CIC

For anyone still wondering how tech is changing Boston, this is how.

On Friday Michael Farrell reported that the Cambridge Innovation Center, which has played a central role in making Kendall Square a hub for startups, now aims to do the same for Boston’s Financial District starting next month.

The Financial District has already been well on its way to having a tech presence even without the 300 startups that the new CIC Boston office on Milk Street is expected to bring. Young tech companies in the neighborhood include SageCloud on Oliver Street, Yottaa on Federal Street, and the 23 startups located in PayPal’s StartTank incubator at One International Place.

But the 1,200 employees who’ll work for the companies at CIC Boston, many of them twenty-somethings, should make the most noticeable difference yet in the economic center that is the Financial District. I worked on Federal Street for four years and often felt that I must have been the only “tie-less” guy within a five-block radius.

It’s “a part of town that has traditionally hosted lawyers, bankers, and investment managers,” as Farrell wrote. Soon, you’ll be able to add entrepreneurs, coders, and inbound marketers to that list.

More important is what this says about the economic picture in Boston. The Massachusetts financial services sector has been steadily shedding jobs since the financial crisis that began in 2008. Nearly 2,000 jobs in finance and insurance have been cut in the past year, 14,000 since January 2009, according to state figures.
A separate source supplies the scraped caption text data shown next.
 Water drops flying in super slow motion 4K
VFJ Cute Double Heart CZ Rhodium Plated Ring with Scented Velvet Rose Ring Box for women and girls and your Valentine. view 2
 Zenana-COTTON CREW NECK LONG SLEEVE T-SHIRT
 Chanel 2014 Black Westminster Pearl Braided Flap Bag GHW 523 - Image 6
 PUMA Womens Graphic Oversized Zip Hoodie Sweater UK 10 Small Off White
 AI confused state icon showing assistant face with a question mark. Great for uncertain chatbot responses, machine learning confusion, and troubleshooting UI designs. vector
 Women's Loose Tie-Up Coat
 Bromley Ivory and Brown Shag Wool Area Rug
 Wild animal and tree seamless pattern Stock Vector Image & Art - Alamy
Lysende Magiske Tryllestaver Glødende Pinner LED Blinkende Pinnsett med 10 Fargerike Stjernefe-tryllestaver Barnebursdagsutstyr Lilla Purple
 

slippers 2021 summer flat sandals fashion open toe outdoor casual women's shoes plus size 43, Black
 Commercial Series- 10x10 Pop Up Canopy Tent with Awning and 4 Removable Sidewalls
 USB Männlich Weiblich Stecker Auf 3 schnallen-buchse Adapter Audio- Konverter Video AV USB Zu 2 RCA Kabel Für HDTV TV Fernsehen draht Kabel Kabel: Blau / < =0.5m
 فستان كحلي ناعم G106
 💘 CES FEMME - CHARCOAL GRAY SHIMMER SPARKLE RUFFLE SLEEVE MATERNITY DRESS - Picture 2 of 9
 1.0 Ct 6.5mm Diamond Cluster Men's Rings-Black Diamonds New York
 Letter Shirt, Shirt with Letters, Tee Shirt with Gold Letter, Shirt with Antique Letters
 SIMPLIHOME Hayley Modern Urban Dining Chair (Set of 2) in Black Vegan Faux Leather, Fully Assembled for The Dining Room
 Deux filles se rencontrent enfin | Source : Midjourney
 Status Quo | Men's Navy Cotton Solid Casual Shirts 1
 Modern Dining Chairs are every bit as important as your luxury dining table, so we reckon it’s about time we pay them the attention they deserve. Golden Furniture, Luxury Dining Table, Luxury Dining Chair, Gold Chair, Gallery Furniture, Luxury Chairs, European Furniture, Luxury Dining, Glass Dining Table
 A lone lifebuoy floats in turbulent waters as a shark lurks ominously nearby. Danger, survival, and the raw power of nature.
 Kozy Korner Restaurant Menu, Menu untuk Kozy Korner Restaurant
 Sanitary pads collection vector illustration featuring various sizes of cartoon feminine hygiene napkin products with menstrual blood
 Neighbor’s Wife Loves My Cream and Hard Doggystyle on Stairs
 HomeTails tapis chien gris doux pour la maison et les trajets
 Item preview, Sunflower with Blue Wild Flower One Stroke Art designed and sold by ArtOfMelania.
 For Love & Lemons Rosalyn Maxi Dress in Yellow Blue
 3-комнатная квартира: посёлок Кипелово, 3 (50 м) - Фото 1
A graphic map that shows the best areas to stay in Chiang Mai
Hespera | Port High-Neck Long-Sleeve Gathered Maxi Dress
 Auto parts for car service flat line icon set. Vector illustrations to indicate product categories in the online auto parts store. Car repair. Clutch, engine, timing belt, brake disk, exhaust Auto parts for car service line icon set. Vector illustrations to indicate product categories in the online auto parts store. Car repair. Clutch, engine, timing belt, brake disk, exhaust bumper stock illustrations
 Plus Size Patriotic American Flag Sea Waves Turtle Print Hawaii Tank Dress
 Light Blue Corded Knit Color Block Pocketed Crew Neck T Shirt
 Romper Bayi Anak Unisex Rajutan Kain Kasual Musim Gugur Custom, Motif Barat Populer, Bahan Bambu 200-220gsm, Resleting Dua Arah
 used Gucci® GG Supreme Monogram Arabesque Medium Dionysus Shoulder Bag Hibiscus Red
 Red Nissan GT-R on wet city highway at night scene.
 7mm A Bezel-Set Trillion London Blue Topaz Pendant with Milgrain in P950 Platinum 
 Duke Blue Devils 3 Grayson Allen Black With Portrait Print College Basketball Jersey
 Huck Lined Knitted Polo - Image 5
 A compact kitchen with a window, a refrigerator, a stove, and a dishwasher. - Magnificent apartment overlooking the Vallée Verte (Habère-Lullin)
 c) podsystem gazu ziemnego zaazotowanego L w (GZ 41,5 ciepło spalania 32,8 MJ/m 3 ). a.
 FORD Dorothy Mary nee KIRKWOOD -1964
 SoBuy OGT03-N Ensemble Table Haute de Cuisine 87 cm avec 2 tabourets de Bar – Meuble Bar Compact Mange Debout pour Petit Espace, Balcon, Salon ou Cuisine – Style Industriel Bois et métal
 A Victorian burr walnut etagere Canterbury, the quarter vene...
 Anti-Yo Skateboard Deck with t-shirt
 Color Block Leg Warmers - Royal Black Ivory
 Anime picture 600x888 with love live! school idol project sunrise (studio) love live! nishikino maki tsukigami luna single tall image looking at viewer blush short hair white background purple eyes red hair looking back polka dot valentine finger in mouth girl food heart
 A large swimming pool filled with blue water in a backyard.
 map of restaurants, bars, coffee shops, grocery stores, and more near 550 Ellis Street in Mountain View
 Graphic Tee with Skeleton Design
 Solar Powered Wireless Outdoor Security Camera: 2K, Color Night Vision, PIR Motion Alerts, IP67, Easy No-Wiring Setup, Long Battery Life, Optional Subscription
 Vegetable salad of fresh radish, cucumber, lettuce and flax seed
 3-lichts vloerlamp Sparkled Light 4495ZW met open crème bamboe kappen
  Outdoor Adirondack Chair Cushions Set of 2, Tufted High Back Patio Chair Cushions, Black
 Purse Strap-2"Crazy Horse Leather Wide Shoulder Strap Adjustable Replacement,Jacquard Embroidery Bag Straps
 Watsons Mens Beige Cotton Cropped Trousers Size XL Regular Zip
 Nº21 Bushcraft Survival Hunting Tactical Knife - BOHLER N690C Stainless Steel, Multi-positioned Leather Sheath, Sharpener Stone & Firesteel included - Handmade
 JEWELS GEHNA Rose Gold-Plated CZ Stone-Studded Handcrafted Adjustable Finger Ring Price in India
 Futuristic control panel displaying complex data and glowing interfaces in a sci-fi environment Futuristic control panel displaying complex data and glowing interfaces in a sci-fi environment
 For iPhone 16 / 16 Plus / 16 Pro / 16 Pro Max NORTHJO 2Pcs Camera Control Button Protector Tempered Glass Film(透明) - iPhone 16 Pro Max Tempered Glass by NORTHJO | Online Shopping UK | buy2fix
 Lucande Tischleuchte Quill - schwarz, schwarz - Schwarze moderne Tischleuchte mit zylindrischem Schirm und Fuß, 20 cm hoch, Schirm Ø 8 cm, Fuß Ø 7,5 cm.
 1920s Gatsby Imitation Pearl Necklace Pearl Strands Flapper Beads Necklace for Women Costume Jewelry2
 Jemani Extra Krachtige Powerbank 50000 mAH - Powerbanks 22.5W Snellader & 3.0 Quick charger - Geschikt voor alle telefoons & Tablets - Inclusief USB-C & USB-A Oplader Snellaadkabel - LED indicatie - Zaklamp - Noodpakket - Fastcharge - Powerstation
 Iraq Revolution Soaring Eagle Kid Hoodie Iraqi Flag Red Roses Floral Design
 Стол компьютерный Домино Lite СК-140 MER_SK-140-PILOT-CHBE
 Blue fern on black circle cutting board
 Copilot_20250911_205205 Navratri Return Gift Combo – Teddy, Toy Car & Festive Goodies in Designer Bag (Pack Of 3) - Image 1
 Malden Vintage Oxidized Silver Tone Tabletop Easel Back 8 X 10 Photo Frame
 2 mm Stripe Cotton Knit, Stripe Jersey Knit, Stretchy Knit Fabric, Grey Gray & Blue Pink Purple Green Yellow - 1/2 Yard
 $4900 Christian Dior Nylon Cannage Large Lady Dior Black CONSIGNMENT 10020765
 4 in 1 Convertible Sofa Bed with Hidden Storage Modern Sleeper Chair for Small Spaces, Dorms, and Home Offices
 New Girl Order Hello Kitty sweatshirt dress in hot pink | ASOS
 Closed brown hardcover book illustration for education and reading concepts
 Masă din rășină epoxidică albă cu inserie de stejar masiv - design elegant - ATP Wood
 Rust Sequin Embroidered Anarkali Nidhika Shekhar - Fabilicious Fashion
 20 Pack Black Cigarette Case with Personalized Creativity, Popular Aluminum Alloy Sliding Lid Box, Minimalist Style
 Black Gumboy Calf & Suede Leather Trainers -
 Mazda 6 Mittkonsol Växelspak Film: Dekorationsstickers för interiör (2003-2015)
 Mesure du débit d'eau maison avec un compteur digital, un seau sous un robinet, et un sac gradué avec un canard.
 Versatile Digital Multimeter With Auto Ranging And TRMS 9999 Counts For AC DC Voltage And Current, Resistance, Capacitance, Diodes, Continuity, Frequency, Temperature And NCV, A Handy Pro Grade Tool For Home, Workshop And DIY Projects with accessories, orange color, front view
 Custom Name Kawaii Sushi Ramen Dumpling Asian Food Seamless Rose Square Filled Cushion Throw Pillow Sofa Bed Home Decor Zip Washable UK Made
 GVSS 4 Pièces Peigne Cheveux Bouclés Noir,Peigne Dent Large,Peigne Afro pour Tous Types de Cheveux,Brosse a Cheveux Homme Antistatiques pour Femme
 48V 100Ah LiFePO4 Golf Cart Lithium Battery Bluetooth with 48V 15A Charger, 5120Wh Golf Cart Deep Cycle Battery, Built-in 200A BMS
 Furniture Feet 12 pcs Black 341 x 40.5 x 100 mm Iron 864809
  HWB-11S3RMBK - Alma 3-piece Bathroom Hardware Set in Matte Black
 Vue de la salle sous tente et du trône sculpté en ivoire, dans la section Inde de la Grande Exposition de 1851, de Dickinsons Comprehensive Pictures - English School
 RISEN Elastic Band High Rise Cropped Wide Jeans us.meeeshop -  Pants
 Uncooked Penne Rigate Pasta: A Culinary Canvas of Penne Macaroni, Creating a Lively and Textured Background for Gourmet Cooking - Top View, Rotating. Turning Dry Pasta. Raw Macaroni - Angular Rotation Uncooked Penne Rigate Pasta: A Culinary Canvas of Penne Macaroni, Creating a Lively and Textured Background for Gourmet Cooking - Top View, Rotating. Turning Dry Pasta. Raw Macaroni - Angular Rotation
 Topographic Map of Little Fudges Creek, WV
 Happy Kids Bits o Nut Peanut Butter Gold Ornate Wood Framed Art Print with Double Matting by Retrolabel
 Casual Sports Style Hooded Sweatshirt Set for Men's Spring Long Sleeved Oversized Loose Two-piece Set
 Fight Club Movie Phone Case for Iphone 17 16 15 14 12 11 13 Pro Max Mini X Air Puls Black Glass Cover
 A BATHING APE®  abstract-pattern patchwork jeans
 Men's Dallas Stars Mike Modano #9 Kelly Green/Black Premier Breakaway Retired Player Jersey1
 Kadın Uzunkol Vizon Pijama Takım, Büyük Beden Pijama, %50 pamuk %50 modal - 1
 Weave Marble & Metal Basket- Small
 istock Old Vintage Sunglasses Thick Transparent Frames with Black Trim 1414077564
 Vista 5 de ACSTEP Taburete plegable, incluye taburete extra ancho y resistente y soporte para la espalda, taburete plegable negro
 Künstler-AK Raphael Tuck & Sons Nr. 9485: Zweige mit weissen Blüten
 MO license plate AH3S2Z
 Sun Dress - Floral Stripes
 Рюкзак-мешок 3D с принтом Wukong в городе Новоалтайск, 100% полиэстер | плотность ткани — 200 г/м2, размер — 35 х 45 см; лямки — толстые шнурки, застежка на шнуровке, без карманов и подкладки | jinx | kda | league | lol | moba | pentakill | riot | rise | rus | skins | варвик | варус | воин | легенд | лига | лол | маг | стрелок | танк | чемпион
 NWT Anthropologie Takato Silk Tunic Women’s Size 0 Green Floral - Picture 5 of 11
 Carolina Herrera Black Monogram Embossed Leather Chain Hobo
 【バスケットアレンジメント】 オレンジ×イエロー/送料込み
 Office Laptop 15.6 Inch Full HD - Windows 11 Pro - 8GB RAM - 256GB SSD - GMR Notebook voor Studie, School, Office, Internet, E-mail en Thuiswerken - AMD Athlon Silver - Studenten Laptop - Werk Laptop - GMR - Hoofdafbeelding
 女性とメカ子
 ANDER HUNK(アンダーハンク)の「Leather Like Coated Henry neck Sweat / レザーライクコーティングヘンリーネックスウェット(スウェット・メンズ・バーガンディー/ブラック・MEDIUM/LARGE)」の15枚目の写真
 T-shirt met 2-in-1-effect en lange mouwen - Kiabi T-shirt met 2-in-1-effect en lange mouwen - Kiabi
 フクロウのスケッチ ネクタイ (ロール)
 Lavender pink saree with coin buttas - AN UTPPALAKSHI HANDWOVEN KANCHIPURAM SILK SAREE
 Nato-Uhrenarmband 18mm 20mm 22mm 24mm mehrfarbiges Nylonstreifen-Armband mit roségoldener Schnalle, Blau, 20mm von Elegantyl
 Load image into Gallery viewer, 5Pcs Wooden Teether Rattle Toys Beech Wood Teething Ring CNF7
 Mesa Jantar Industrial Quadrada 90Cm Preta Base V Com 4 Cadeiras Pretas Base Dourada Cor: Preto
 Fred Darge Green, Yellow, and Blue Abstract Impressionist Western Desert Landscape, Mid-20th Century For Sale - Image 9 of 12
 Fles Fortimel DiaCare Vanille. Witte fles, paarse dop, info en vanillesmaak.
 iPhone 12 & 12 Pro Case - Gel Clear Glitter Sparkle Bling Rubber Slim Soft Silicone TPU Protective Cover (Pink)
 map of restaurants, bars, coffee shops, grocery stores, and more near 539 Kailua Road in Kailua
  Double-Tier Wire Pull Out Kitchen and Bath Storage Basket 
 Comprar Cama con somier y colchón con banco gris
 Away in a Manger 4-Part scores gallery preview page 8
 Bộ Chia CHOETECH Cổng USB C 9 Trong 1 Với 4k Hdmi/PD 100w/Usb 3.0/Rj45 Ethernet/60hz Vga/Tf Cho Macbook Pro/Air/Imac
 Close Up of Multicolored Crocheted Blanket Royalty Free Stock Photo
Tech startups are starting to fill that void, though in a very different way.

Young, unproven companies are constantly coming and going in a place like the CIC. They often start out and stay very lean during their tenure; many have minuscule funding and rely more on hustle than on headcount (many have 10 or fewer employees).

In short, they’re not the sort of employers that the Financial District of years past has had.

But in an age where few industries are adding jobs at all, it’s still no doubt a net positive for the Financial District — and particularly for the scores of restaurants and retailers in the neighborhood — that the CIC Boston is coming.

And perhaps the forward-thinkers who will soon be bumping elbows with the neighborhood’s established players will rub off a bit, too.